5. Cleaning and Disinfection
Effective disinfectants include:
- Chlorhexidine
- Iodine-based solutions
- Accelerated hydrogen peroxide
- Bleach (used correctly and safely)
Key points:
- Clean organic matter off surfaces (manure, dirt, discharge) before disinfecting them
- Allow proper contact time for disinfectants to work
- Focus on high-touch surfaces like gates, stall doors, cross-ties, and hoses
6. Water and Feeding Protocols
- Eliminate shared water sources immediately
- Dump and disinfect buckets daily
- Use individual feed containers
- Do not allow horses to drink from communal troughs
7. Monitoring and Record-Keeping
- Take temperatures daily for all horses on the property
- Keep written logs of temperatures, symptoms, and treatments
- Continue monitoring for at least 21 days after the last clinical case
8. Quarantine for New Arrivals
Even outside of outbreaks, quarantine is essential:
- Isolate new horses for 10-14 days
- Monitor temperatures daily
- Use separate equipment
- Avoid nose-to-nose contact
This practice alone can prevent many outbreaks.

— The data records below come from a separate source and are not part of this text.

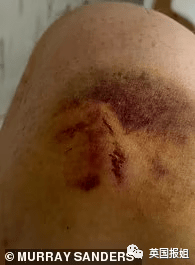 Ӣ˾����Ů�߹ټұ��ɷ�20�꣡ȭ����߾�ƿ�ң��з����� ...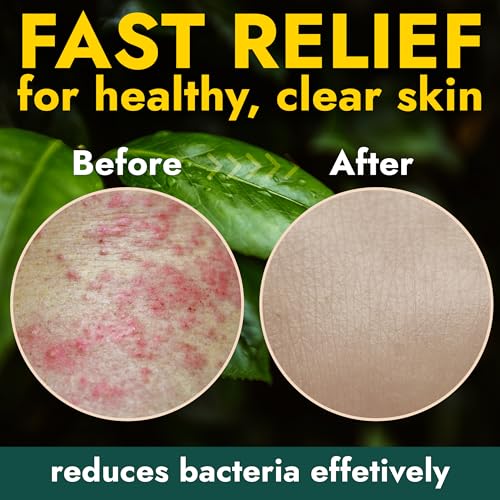 Image of Antibacterial Soap for Back Acne, Body Odor & Skin Irritation Kills Germs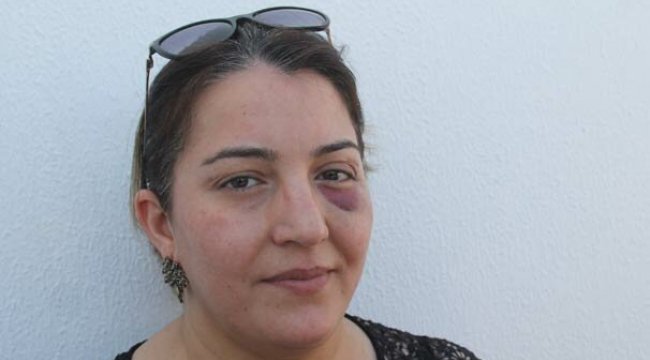 Çarptığı yaralıya müdahale eden sağlıkçı darp edildi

Vaccination Considerations
Strangles vaccines are available but not recommended universally. Vaccination decisions should be made with your veterinarian based on:
- Travel frequency
- Boarding or show exposure
- Previous outbreaks
- Age and immune status
Vaccines may reduce severity but do not guarantee prevention, and some horses experience adverse reactions.
Potential Complications from Strangles
Most horses recover uneventfully, but complications can occur, including:
- Bastard strangles: Abscesses in internal organs
- Purpura hemorrhagica: Immune-mediated swelling and bleeding
- Persistent carriers: Horses that continue shedding bacteria long-term
Prompt veterinary care and proper biosecurity significantly reduce these risks.
Recovery and Returning to Normal Operations
A barn should not resume normal operations until:
- All horses are symptom-free
- Follow-up testing confirms no active shedding
- Isolation areas are fully disinfected
- Veterinarian approval is obtained
Rushing this process increases the risk of reinfection and future outbreaks.
Common Sense Goes a Long Way
Equine strangles is stressful, inconvenient, and sometimes frightening, but it is manageable. Keep an eye on horses coming and going, isolate if any are symptomatic, and communicate with your vet. Follow their instructions and use common sense to prevent cross-contamination.